The remarkable Thomas Hubbard Hobbs
MACLIN – HORTON – GARRETT HOUSE (constr. 1848) (Southeastern Limestone County, photo circa 1988, by John P. Rankin)
Madison County Record, News, The Madison Recor
By JOHN RANKIN Madison Historian
 By JOHN RANKIN Madison Historian  
Published 6:01 am Wednesday, June 3, 2026
H ISTORY with John Rankin

The remarkable Thomas Hubbard Hobbs

MADISON – If you use Google to search on the name Thomas Hubbard Hobbs, you will likely see what is written about him by the University of Alabama in their digital collection: “ Hobbs was a lawyer, planter, and legislator from Athens, Limestone County, Alabama. He served as captain of Co. F., Ninth Alabama Infantry Regiment, during the Civil War. He was born on 19 April 1826. He represented Limestone County in the legislature from 1856 to 1861. He attended LaGrange College in Alabama, Hoffman’s Law Institution in Philadelphia, Pennsylvania, and the University of Virginia. He married Indiana Elizabeth Booth on 4 August 1852 in Richmond, Virginia. She died in 1854 in Athens, Alabama, after childbirth, and their baby girl died, as well. He later remarried Anne Benagh on 17 February 1958, in Lynchburg, Virginia. They had a two children. Thomas Maclin Hobbs was born on 29 November 1958, and James Benagh Hobbs was born in 1862.”

While the above synopsis provides basic information and confirms that Thomas Hobbs was indeed a resident of Limestone County for most of his life, such a biography nowhere near tells of his remarkable achievements or connections in North Alabama history, including the area of the City of Madison and its precity history. What he said about himself and his involvements with the citizens of Alabama (and indeed of the United States) of his time is better documented in a book entitled “THE JOURNALS OF THOMAS HUBBARD HOBBS, particularly as edited, explained, or expanded by insertion of additional material by Limestone County’s most prolific and accurate historical author, Faye Acton Axford. Faye, with co-author Chris Edwards, who died in 1977, also wrote a primary and very comprehensive history of Limestone County, entitled “The Lure and Lore of Limestone County” as published in 1978. In the Limestone County history book of more than 400 pages, Faye wrote more than 50 pages about the family and events of Thomas Hubbard Hobbs – more than for any other character of the county’s long history, and I have been privileged to own and often research in a personal copy of each of these books.

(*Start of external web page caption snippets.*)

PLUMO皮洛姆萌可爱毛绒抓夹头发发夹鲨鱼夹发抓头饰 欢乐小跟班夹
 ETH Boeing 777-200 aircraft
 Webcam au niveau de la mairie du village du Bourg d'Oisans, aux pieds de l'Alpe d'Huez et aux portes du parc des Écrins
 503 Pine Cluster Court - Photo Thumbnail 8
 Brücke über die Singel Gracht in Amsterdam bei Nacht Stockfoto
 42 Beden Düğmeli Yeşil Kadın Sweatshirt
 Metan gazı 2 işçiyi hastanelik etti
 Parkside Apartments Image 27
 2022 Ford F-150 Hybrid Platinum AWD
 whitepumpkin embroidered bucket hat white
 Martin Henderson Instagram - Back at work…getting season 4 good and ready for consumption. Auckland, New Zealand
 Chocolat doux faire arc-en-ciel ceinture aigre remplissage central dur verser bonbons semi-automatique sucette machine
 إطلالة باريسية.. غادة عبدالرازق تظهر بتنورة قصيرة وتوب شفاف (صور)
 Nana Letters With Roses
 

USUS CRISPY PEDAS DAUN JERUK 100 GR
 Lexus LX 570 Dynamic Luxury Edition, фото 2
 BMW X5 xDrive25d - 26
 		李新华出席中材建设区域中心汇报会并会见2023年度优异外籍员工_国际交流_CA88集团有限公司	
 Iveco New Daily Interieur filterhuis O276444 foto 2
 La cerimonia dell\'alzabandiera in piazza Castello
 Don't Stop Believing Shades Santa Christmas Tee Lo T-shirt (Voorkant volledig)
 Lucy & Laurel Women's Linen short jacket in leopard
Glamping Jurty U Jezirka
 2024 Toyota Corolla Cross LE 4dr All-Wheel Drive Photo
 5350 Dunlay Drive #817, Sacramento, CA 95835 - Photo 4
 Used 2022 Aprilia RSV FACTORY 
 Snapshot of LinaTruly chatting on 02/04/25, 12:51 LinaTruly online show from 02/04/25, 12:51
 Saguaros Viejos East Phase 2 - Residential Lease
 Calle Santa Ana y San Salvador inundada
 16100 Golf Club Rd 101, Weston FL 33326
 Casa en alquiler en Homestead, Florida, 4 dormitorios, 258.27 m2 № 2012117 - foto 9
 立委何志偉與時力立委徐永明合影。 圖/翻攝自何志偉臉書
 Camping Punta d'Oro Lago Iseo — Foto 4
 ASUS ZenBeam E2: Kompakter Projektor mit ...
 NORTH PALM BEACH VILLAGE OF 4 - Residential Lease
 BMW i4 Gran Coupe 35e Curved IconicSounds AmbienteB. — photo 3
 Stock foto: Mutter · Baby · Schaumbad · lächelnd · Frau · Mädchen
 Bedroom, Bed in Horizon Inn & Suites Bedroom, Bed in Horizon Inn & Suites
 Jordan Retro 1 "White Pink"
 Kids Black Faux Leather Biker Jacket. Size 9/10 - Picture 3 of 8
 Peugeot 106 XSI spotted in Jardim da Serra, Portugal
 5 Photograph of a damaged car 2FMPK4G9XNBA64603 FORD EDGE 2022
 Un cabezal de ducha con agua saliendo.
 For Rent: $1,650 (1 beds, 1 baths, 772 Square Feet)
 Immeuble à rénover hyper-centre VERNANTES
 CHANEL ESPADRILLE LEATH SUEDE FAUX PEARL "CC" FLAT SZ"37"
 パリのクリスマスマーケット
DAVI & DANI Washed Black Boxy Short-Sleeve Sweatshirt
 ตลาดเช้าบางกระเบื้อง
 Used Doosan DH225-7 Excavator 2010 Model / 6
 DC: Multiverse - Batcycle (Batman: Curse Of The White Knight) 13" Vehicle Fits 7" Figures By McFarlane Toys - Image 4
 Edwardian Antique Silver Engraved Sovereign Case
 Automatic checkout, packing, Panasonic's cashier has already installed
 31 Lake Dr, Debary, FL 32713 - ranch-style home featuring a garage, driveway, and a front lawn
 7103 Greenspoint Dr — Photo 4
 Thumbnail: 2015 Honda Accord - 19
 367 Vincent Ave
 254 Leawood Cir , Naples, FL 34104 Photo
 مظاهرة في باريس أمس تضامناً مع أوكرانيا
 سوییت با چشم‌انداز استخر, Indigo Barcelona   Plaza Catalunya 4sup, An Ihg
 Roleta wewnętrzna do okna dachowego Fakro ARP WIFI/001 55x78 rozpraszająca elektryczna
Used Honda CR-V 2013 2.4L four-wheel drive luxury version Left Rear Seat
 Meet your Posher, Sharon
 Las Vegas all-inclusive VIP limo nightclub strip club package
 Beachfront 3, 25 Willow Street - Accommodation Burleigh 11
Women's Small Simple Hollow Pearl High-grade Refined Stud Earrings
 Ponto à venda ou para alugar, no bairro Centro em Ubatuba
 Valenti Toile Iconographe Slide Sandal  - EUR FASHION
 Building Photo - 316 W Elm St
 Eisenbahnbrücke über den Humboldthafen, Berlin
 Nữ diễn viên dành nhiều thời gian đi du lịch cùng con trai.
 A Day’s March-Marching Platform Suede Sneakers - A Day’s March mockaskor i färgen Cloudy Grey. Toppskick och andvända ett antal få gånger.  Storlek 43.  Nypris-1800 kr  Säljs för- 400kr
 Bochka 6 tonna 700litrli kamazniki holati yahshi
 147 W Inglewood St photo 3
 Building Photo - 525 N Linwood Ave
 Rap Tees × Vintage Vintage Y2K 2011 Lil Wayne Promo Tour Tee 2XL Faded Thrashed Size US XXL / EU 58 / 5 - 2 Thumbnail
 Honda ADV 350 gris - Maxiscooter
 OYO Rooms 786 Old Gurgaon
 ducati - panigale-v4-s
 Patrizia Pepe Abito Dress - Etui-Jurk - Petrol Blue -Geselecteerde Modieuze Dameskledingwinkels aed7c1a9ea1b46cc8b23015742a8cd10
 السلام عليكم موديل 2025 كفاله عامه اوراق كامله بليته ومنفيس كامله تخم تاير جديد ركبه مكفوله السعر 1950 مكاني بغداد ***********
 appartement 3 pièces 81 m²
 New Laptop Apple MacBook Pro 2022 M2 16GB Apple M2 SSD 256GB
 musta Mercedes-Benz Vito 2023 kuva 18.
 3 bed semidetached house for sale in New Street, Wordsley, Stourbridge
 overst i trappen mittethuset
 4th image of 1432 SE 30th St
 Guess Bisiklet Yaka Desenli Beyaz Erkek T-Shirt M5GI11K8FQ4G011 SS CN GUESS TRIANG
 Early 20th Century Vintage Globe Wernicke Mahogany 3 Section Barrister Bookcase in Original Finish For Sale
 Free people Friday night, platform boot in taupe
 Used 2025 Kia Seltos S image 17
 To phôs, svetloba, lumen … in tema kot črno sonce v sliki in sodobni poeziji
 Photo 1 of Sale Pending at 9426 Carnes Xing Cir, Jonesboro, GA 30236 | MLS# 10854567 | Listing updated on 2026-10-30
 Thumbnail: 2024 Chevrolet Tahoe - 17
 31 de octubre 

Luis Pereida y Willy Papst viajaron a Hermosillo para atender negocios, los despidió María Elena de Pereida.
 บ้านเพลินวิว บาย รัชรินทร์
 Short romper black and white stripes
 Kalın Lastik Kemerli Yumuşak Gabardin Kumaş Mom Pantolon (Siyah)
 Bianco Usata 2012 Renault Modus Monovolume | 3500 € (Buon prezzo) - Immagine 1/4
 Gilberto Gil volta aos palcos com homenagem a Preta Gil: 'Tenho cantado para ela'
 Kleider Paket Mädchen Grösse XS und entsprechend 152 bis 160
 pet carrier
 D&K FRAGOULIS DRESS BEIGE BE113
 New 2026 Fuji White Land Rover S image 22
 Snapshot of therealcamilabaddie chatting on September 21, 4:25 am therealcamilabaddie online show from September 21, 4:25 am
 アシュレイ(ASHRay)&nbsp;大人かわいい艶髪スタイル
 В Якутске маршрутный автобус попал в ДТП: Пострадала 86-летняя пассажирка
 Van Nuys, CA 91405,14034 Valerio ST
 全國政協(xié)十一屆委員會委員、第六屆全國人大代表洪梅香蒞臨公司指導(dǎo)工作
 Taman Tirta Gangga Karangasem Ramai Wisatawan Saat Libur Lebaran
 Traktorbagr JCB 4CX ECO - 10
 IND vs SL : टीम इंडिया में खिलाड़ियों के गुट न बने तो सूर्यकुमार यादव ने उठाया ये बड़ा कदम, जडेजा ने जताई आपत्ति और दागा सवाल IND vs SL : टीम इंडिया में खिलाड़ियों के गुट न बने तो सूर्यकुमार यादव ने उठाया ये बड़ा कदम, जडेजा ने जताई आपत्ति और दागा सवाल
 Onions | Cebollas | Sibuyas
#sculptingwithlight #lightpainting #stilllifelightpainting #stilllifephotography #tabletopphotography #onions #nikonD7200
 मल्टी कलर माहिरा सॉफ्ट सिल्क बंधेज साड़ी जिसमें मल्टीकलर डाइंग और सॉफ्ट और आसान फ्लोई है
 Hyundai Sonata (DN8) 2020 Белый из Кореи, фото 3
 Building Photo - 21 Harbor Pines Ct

Obviously, the life story of Tom Hobbs is much more detailed than can be comprehensively offered in my own articles now. However, I will say that I have not been so impressed by any other historical character of Alabama as with Tom Hobbs. He began to write an almost daily diary in 1840 at age 14, as if he knew that someday some later generations might want to know about life during his time. Tom at the young age of about 35 was even seriously and widely suggested as a strong candidate for Governor of Alabama, which he had not sought, just about the time of the outbreak of the Civil War. Unfortunately, he died at the age of 36 after receiving a leg wound in the Battle of Gaines’ Mill on June 27, 1862, defending Richmond, Virginia. He lay in the battlefield all night without aid and was taken within a few days to Lynchburg, where his wife had relatives. He died there on July 22, 1862, and was buried in the Spring Hill Cemetery of Lynchburg, but even today there is a large monument dedicated to his memory in the Athens City Cemetery. His service as a Captain of Company F of the 9th Alabama Infantry in the Confederate Army was not a highly significant accomplishment in his life. What made Thomas Hubbard Hobbs so outstanding were his vast education and faith, widespread accomplishments in a variety of fields, humble character, regional activities, and associated innumerable contacts or interfaces with the famous people of his years in Alabama and all across America. Few people of any time could match his record, as revealed very casually in his own journal for us to see today.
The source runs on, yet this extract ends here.